When it comes to painting, often there are quick jobs that aren’t worth using masking tape for. A good alternative is to use a long, straight-edged scraper to protect the surface you don’t want paint on. Just place the scraper flush to the surface you want to protect and start painting.

Step by Step Instructions

1 Pre-cut the timber to size
2 Measure and mark for the shelf ends
3 Cut the ends of the shelf to size
4 Assemble the shelf
5 Attach the ends of the shelf
6 Mark your rail position
7 Attach the front rail
8 Putty up the holes
9 Paint the shelf
10 Fix the shelf to the wall
  • Step 1. Pre-cut the timber to size

    Before you start this project, you can make it easier by having your timber pre-cut at your local Bunnings. We had our Tasmanian oak hardwood cut to 2 x 600mm lengths with an extra length needed for the shelf ends.
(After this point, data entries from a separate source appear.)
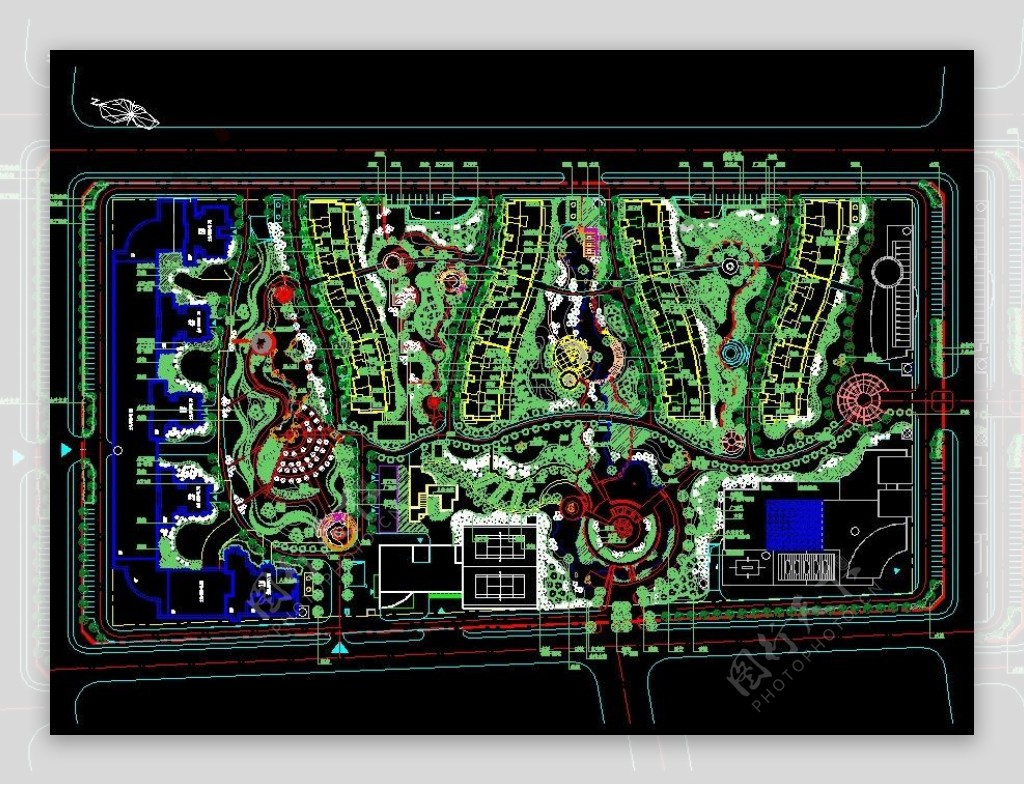 居住区CAD平面规划图图片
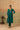 Teal Silk Kurta Set with Zardozi Yoke & Striped Dupatta
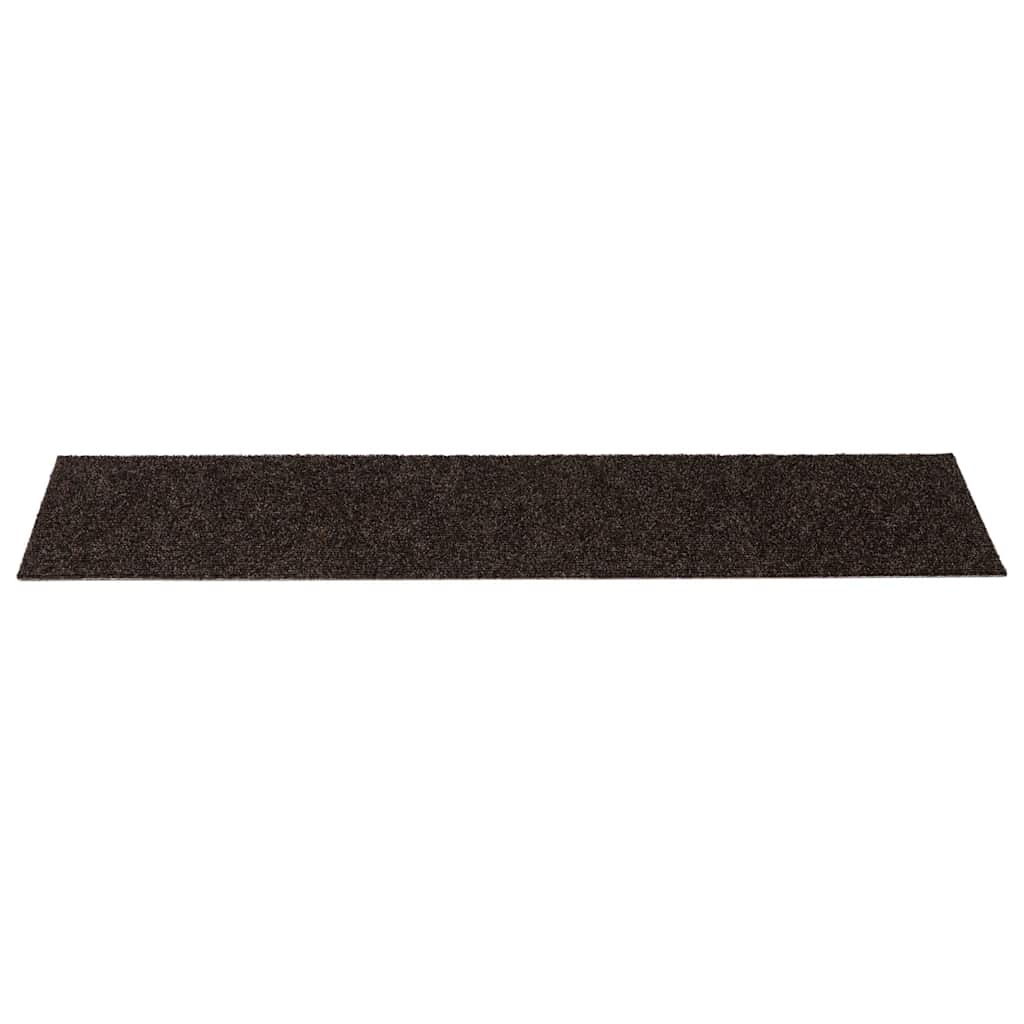Tapetes de escada autoadesivos 30 peças 76x20 cm marrom escuro retangular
  • Step 2. Measure and mark for the shelf ends

    To create the shelf ends, measure out two lengths of 70mm on your spare hardwood for the ends and make your mark.

  • Step 3. Cut the ends of the shelf to size

    With your safety gear on, use a drop saw to cut your timber to size for the shelf ends.

  • Step 4. Assemble the shelf

    Run a bead of glue along the edges of both 600mm timber lengths. Then create an L-shape with the edges flush. Secure them with a fixing gun and 50mm brad nails. 

  • Step 5. Attach the ends of the shelf

    Apply a bead of PVA glue to the bottoms of the shelf ends. Put them in place, making sure the edges are flush. Turn the shelf over and use the fixing gun and 50mm brads to fix them in place.

  • Step 6. Mark your rail position

    Find the halfway mark on the shelf sides with a tape measure and mark at the front. Use the T-square to make the lines straight. The 20mm D moulding for the front rail of the shelf will be attached just above this line.  

  • Step 7. Attach the front rail

    Put the front rail in place so that it’s sitting just above where you marked. Use the fixing gun and the 15mm brads to attach the rail to the front of the shelf. Due to the thin moulding, another method of attaching the rail is to pre-drill using a 1mm drill bit and attach with a 20mm screw.

  • Step 8. Putty up the holes

    To clean up your shelf, use wood putty and a putty knife to fill the nail holes. Then let it dry and sand back with the 120 grit sandpaper for a great finish.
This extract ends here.